Private bill for public domain ‘government property’ says minister
Parliamentary secretary for competitiveness says public domain bill will form part of integrated maritime policy and that white paper remains government property


Parliamentary secretary Jose Herrera has said that a public domain bill proposed by the Opposition should form part of the government's ongoing work on an integrated maritime policy.
Herrera was reacting to the private members' bill on the public domain submitted by shadow justice minister Jason Azzopardi, drafted in the previous administration during his time as minister for lands.
"The impression given is that this is the Opposition's work, when it is a cut-and-paste of the former administration's work, carried out under payment by a legal firm," Herrera said.
He said that the PN's proposal was "a matter of censure" since the drafting of the bill was done under government auspices and now being passed off as an Opposition bill.
He wants the PN to 'admit' that the bill is government property. "I am ready to consult the Opposition in the spirit of rapprochement [but] the PN jumped the gun. The government should continue the work of the previous administration."

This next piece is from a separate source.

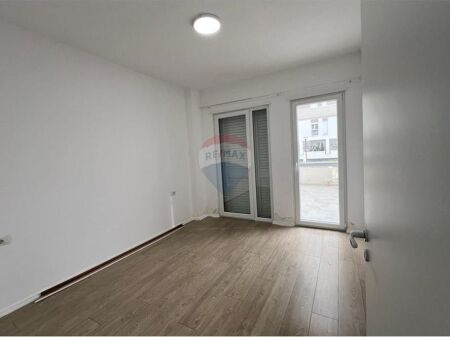 Apartament 2+1 + Post Parkimi Univers City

The bill proposes that natural and cultural heritage be listed and protected from commercialisation, and making any eventual de-listing only possible by parliamentary majority.
It also invites the general public to suggest candidate sites for listing as public domain.
But Herrera said that the law was generating the mistaken impression that land classified as public domain, such as the countryside being earmarked for the new American University at Zonqor point, Marsascala, would not be allowed to be developed. "The public domain law would regulate the way such areas are commercialised - the length of the lease or whether a development on the foreshore can be hypotechated - but not prevent them from being commercialised."
The private members' bill was tabled for a first reading in parliament this week.